O que você está achando da cena no momento e o quanto o seu projeto/financiamento é algo diferente para cena?
— Claro que não, meu projeto é pra me inserir na cena de vários que na cena já o fizeram, não tem muita coisa de diferente. A única diferença é que eu não tenho nem um real e moro numa cidade de poucos mil habitantes, longe pra BURRO (mas o Uruguai é logo ali hein) e vai ser dez veiz mais foda conceber essa bolacha.
— Mas nóis é loco e bota fé, e bota o foda-se e tem insônia e não dorme e faz os bagulho acontecer só com muito amor e eu acho que muito amor é o que tá faltando na cena, e só.
Tá tendo dinheiro, tá tendo ônibus pique Luan Santana, tá tendo treta e dente de prata, tênis e todo o tipo de desrespeito, tá rolando empoderamento, tá rolando os beat, tá tendo os clipão foda, tá tendo a cena.

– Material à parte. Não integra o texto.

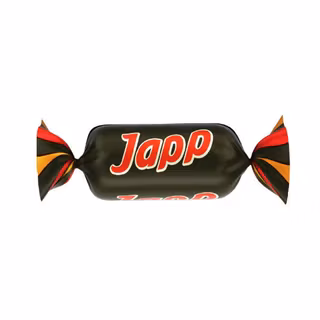 Japp Mini 5kg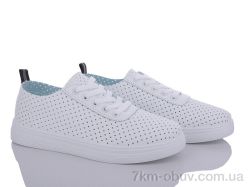 Ok Shoes L1002-2 фото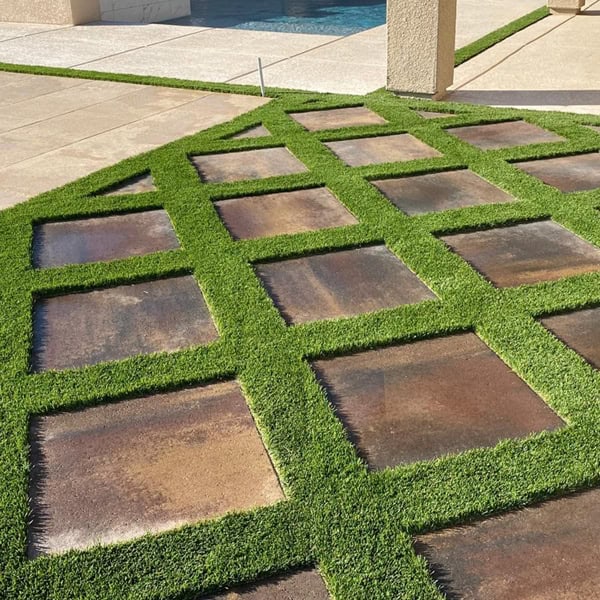 landscaping carefree B1.jpg
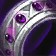 Seal of the Shattered Dome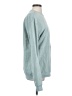 Columbia Teal Sweatshirt Size S - photo 4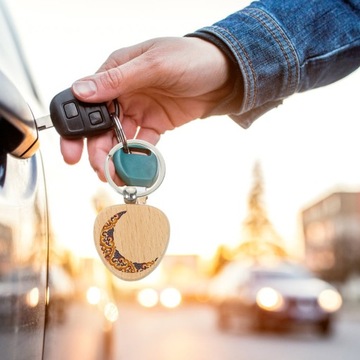 20 шт. ДЕРЕВЯННЫЕ ПУСТЫЕ БРЕЛКИ ДЕРЕВЯННЫЕ брелоки ДЕРЕВЯННЫЕ br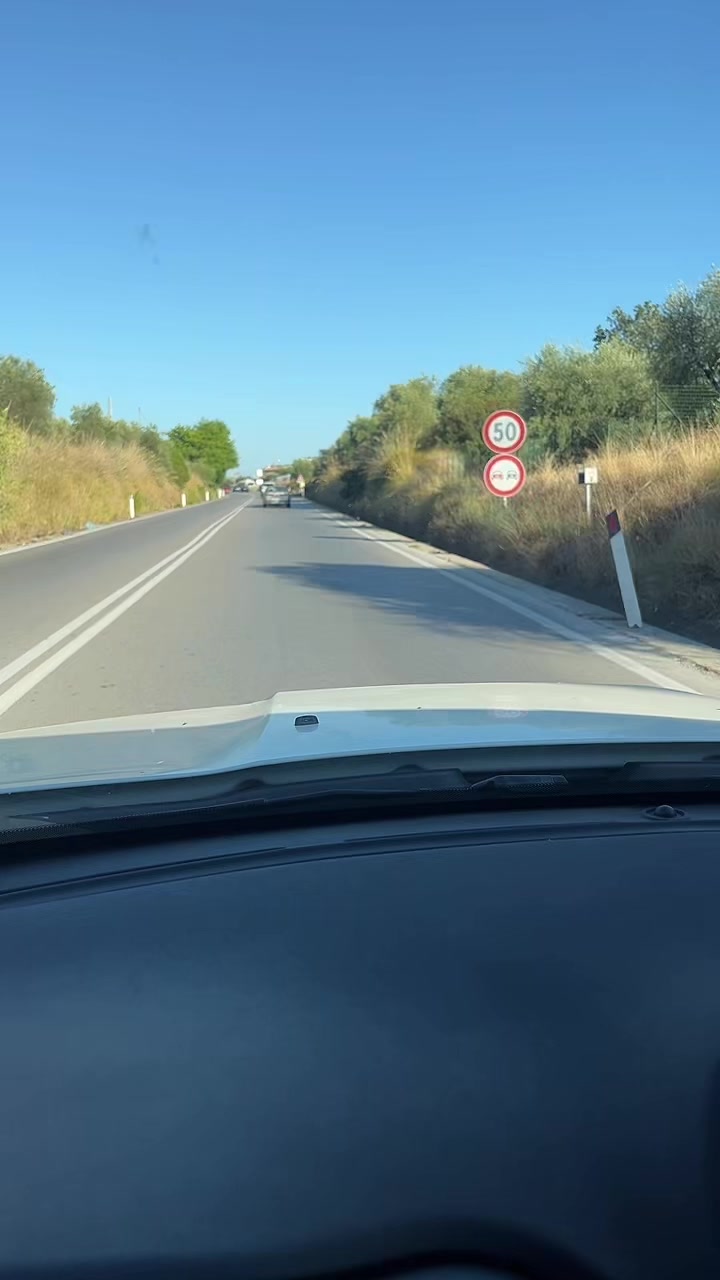 @Maria Verde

— Gostar ou não da cena é uma consequência de se ter uma cena, e tendo uma cena pra nóis chegar na humilde e fazer nosso trampo no amor, tá valendo. Talvez falte uma cola que una a rapaziada, e é o amor pelo próximo de novo e não ficar numas de apontar dedo, porque ser livre é querer ver o outro também livre, disse lá uma das mamães do feminismo. Então pensa assim: Tem problemas na cena, é porque tem uma cena, e isso por si só já é bom. E se tem uma cena, então tem que ter o vinil do Zudi (ajuda caraio kkk).
Para finalizar o papo, deixa uma mensagem para quem for acompanhar a entrevista, queira conhecer mais e apoiar o seu trabalho.
— “Mano, chega até aqui… Chega aqui mano, é o Zudi que tá falando. Mano, me escute: sempre faça a coisa certa”. Texto adaptado da cena entre Mookie e o “Prefeito” do filme original de Spike Lee, “Faça a coisa certa“.